Please restate each entry exactly, without skipping any.

⟨

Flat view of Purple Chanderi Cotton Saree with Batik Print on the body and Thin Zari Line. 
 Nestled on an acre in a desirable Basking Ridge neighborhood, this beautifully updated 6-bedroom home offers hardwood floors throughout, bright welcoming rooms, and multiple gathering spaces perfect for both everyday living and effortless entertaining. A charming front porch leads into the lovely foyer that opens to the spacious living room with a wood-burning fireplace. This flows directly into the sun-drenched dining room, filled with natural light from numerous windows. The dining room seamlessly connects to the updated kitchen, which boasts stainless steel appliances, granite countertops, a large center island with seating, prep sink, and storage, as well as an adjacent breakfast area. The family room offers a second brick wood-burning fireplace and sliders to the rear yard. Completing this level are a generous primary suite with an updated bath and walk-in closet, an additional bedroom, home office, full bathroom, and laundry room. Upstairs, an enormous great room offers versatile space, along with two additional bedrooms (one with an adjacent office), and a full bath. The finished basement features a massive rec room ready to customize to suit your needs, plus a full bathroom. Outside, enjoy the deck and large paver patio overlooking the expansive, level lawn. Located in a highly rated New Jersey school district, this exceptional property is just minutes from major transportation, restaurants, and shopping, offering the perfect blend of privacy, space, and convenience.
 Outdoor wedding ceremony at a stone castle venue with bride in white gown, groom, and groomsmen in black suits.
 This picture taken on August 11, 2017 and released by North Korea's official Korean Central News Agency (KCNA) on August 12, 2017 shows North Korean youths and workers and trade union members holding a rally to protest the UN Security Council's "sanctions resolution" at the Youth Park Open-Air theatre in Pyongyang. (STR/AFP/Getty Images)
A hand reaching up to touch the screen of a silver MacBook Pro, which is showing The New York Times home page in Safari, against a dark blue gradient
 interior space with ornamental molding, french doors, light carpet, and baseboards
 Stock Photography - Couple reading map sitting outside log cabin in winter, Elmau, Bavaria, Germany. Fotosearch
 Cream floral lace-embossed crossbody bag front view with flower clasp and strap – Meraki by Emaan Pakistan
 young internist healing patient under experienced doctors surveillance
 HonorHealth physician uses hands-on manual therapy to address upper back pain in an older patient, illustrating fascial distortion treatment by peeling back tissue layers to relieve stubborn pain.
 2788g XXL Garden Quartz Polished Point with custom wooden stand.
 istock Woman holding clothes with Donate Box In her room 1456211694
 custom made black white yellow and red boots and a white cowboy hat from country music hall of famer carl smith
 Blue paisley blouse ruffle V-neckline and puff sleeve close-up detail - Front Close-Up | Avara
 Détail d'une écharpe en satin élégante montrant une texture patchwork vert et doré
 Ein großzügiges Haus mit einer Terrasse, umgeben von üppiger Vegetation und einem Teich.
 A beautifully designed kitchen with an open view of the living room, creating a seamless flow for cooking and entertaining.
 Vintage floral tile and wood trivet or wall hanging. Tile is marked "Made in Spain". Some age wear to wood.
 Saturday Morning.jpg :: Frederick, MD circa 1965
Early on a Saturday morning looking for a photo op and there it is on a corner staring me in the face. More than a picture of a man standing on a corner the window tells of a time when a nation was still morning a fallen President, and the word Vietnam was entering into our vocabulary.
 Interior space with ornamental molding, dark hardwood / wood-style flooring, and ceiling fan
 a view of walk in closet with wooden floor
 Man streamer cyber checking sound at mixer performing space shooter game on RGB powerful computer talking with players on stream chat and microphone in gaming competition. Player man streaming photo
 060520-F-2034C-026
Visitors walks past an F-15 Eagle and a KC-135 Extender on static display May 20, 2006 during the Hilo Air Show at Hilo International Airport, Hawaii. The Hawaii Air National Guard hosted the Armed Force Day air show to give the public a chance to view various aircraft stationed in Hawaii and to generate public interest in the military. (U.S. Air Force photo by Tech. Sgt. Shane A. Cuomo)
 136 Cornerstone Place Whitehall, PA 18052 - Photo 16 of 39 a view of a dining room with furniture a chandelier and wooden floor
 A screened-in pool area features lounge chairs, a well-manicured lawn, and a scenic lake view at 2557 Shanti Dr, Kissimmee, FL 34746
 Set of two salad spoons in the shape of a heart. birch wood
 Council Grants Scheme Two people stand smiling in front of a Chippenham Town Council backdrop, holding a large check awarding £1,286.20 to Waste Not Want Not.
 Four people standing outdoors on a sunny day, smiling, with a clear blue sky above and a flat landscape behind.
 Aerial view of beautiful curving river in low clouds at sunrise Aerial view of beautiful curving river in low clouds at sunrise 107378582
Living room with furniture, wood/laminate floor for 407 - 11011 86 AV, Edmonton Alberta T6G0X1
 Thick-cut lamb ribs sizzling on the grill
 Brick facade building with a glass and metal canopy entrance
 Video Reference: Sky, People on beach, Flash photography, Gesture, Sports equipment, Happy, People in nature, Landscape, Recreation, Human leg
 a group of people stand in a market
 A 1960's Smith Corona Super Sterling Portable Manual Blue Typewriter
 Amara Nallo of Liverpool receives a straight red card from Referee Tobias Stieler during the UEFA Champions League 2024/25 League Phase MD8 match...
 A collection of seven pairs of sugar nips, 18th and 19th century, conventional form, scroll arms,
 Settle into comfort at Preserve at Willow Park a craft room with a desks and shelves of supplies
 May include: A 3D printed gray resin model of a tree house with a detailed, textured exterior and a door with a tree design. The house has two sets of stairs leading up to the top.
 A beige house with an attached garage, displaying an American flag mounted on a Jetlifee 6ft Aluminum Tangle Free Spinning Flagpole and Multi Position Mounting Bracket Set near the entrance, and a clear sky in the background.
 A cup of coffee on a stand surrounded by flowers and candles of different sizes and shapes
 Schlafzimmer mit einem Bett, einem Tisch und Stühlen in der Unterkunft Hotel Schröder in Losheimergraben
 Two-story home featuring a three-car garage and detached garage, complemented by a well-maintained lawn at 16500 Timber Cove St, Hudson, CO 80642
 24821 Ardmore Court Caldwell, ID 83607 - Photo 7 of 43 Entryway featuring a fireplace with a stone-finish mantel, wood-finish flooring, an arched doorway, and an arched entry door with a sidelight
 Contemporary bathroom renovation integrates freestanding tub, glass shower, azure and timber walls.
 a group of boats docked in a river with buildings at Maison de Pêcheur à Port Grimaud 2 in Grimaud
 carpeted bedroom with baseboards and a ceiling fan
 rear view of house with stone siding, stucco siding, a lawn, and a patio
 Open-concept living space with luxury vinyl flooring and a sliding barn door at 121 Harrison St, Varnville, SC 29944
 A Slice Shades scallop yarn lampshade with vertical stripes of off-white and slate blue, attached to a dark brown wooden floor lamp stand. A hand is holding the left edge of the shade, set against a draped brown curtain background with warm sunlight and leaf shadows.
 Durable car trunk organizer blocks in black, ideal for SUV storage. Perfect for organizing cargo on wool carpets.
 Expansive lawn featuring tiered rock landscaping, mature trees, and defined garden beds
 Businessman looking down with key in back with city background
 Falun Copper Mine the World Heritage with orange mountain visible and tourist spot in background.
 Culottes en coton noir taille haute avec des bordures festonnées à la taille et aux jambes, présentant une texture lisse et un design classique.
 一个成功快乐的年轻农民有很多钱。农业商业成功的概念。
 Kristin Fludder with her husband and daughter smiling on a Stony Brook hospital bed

⟩

**Reply**
Flat view of Purple Chanderi Cotton Saree with Batik Print on the body and Thin Zari Line. 
 Nestled on an acre in a desirable Basking Ridge neighborhood, this beautifully updated 6-bedroom home offers hardwood floors throughout, bright welcoming rooms, and multiple gathering spaces perfect for both everyday living and effortless entertaining. A charming front porch leads into the lovely foyer that opens to the spacious living room with a wood-burning fireplace. This flows directly into the sun-drenched dining room, filled with natural light from numerous windows. The dining room seamlessly connects to the updated kitchen, which boasts stainless steel appliances, granite countertops, a large center island with seating, prep sink, and storage, as well as an adjacent breakfast area. The family room offers a second brick wood-burning fireplace and sliders to the rear yard. Completing this level are a generous primary suite with an updated bath and walk-in closet, an additional bedroom, home office, full bathroom, and laundry room. Upstairs, an enormous great room offers versatile space, along with two additional bedrooms (one with an adjacent office), and a full bath. The finished basement features a massive rec room ready to customize to suit your needs, plus a full bathroom. Outside, enjoy the deck and large paver patio overlooking the expansive, level lawn. Located in a highly rated New Jersey school district, this exceptional property is just minutes from major transportation, restaurants, and shopping, offering the perfect blend of privacy, space, and convenience.
 Outdoor wedding ceremony at a stone castle venue with bride in white gown, groom, and groomsmen in black suits.
 This picture taken on August 11, 2017 and released by North Korea's official Korean Central News Agency (KCNA) on August 12, 2017 shows North Korean youths and workers and trade union members holding a rally to protest the UN Security Council's "sanctions resolution" at the Youth Park Open-Air theatre in Pyongyang. (STR/AFP/Getty Images)
A hand reaching up to touch the screen of a silver MacBook Pro, which is showing The New York Times home page in Safari, against a dark blue gradient
 interior space with ornamental molding, french doors, light carpet, and baseboards
 Stock Photography - Couple reading map sitting outside log cabin in winter, Elmau, Bavaria, Germany. Fotosearch
 Cream floral lace-embossed crossbody bag front view with flower clasp and strap – Meraki by Emaan Pakistan
 young internist healing patient under experienced doctors surveillance
 HonorHealth physician uses hands-on manual therapy to address upper back pain in an older patient, illustrating fascial distortion treatment by peeling back tissue layers to relieve stubborn pain.
 2788g XXL Garden Quartz Polished Point with custom wooden stand.
 istock Woman holding clothes with Donate Box In her room 1456211694
 custom made black white yellow and red boots and a white cowboy hat from country music hall of famer carl smith
 Blue paisley blouse ruffle V-neckline and puff sleeve close-up detail - Front Close-Up | Avara
 Détail d'une écharpe en satin élégante montrant une texture patchwork vert et doré
 Ein großzügiges Haus mit einer Terrasse, umgeben von üppiger Vegetation und einem Teich.
 A beautifully designed kitchen with an open view of the living room, creating a seamless flow for cooking and entertaining.
 Vintage floral tile and wood trivet or wall hanging. Tile is marked "Made in Spain". Some age wear to wood.
 Saturday Morning.jpg :: Frederick, MD circa 1965
Early on a Saturday morning looking for a photo op and there it is on a corner staring me in the face. More than a picture of a man standing on a corner the window tells of a time when a nation was still morning a fallen President, and the word Vietnam was entering into our vocabulary.
 Interior space with ornamental molding, dark hardwood / wood-style flooring, and ceiling fan
 a view of walk in closet with wooden floor
 Man streamer cyber checking sound at mixer performing space shooter game on RGB powerful computer talking with players on stream chat and microphone in gaming competition. Player man streaming photo
 060520-F-2034C-026
Visitors walks past an F-15 Eagle and a KC-135 Extender on static display May 20, 2006 during the Hilo Air Show at Hilo International Airport, Hawaii. The Hawaii Air National Guard hosted the Armed Force Day air show to give the public a chance to view various aircraft stationed in Hawaii and to generate public interest in the military. (U.S. Air Force photo by Tech. Sgt. Shane A. Cuomo)
 136 Cornerstone Place Whitehall, PA 18052 - Photo 16 of 39 a view of a dining room with furniture a chandelier and wooden floor
 A screened-in pool area features lounge chairs, a well-manicured lawn, and a scenic lake view at 2557 Shanti Dr, Kissimmee, FL 34746
 Set of two salad spoons in the shape of a heart. birch wood
 Council Grants Scheme Two people stand smiling in front of a Chippenham Town Council backdrop, holding a large check awarding £1,286.20 to Waste Not Want Not.
 Four people standing outdoors on a sunny day, smiling, with a clear blue sky above and a flat landscape behind.
 Aerial view of beautiful curving river in low clouds at sunrise Aerial view of beautiful curving river in low clouds at sunrise 107378582
Living room with furniture, wood/laminate floor for 407 - 11011 86 AV, Edmonton Alberta T6G0X1
 Thick-cut lamb ribs sizzling on the grill
 Brick facade building with a glass and metal canopy entrance
 Video Reference: Sky, People on beach, Flash photography, Gesture, Sports equipment, Happy, People in nature, Landscape, Recreation, Human leg
 a group of people stand in a market
 A 1960's Smith Corona Super Sterling Portable Manual Blue Typewriter
 Amara Nallo of Liverpool receives a straight red card from Referee Tobias Stieler during the UEFA Champions League 2024/25 League Phase MD8 match...
 A collection of seven pairs of sugar nips, 18th and 19th century, conventional form, scroll arms,
 Settle into comfort at Preserve at Willow Park a craft room with a desks and shelves of supplies
 May include: A 3D printed gray resin model of a tree house with a detailed, textured exterior and a door with a tree design. The house has two sets of stairs leading up to the top.
 A beige house with an attached garage, displaying an American flag mounted on a Jetlifee 6ft Aluminum Tangle Free Spinning Flagpole and Multi Position Mounting Bracket Set near the entrance, and a clear sky in the background.
 A cup of coffee on a stand surrounded by flowers and candles of different sizes and shapes
 Schlafzimmer mit einem Bett, einem Tisch und Stühlen in der Unterkunft Hotel Schröder in Losheimergraben
 Two-story home featuring a three-car garage and detached garage, complemented by a well-maintained lawn at 16500 Timber Cove St, Hudson, CO 80642
 24821 Ardmore Court Caldwell, ID 83607 - Photo 7 of 43 Entryway featuring a fireplace with a stone-finish mantel, wood-finish flooring, an arched doorway, and an arched entry door with a sidelight
 Contemporary bathroom renovation integrates freestanding tub, glass shower, azure and timber walls.
 a group of boats docked in a river with buildings at Maison de Pêcheur à Port Grimaud 2 in Grimaud
 carpeted bedroom with baseboards and a ceiling fan
 rear view of house with stone siding, stucco siding, a lawn, and a patio
 Open-concept living space with luxury vinyl flooring and a sliding barn door at 121 Harrison St, Varnville, SC 29944
 A Slice Shades scallop yarn lampshade with vertical stripes of off-white and slate blue, attached to a dark brown wooden floor lamp stand. A hand is holding the left edge of the shade, set against a draped brown curtain background with warm sunlight and leaf shadows.
 Durable car trunk organizer blocks in black, ideal for SUV storage. Perfect for organizing cargo on wool carpets.
 Expansive lawn featuring tiered rock landscaping, mature trees, and defined garden beds
 Businessman looking down with key in back with city background
 Falun Copper Mine the World Heritage with orange mountain visible and tourist spot in background.
 Culottes en coton noir taille haute avec des bordures festonnées à la taille et aux jambes, présentant une texture lisse et un design classique.
 一个成功快乐的年轻农民有很多钱。农业商业成功的概念。
 Kristin Fludder with her husband and daughter smiling on a Stony Brook hospital bed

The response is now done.